What needs to be done: Print the listing in its entirety and exactly, leaving out images.
※
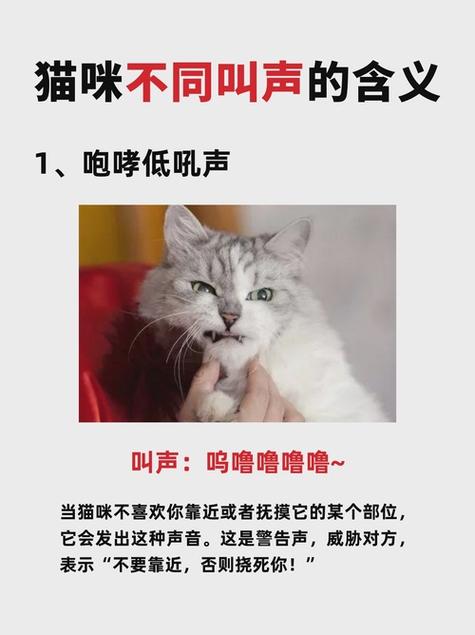 女生说喵喵喵暗示什么缩略图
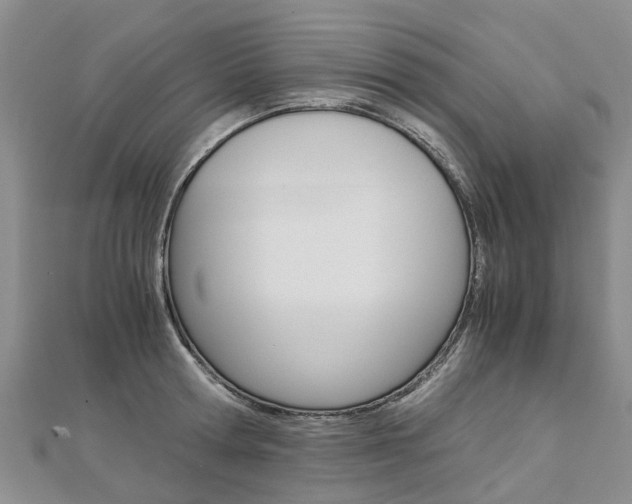 X0000112880802200908211050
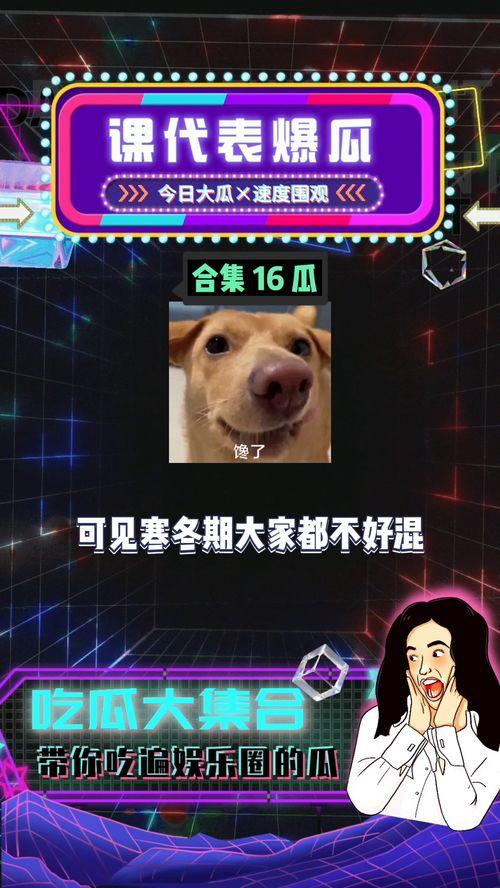 娱乐八卦吃瓜了,揭秘吃瓜文化的兴起与影响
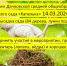 В Дачном высадят более 80 саженцев деревьев - Газета Судакские вести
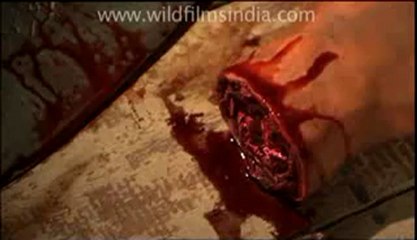 We're no monks-12.flv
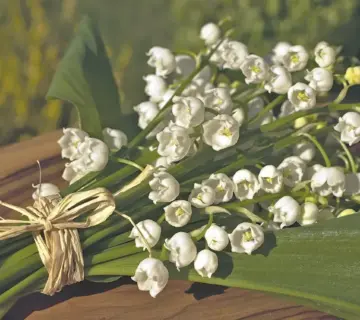 May Lifschitz kæreste: Om kærligheden, forlovelsen og vejen til bryllup
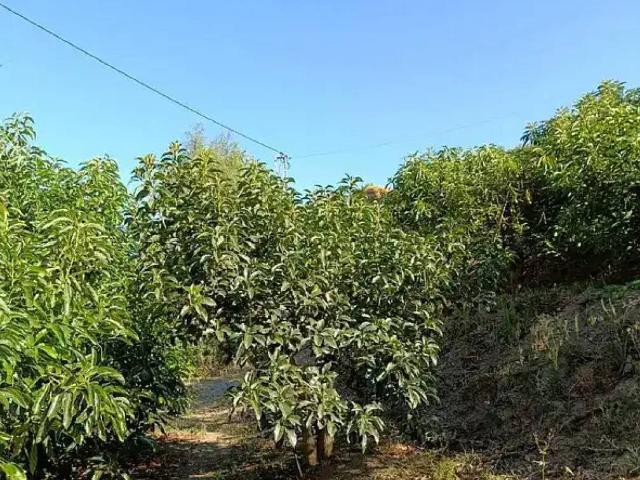 Terreno en Venta en Motril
※
Solution:
 女生说喵喵喵暗示什么缩略图
 X0000112880802200908211050
 娱乐八卦吃瓜了,揭秘吃瓜文化的兴起与影响
 В Дачном высадят более 80 саженцев деревьев - Газета Судакские вести
 We're no monks-12.flv
 May Lifschitz kæreste: Om kærligheden, forlovelsen og vejen til bryllup
 Terreno en Venta en Motril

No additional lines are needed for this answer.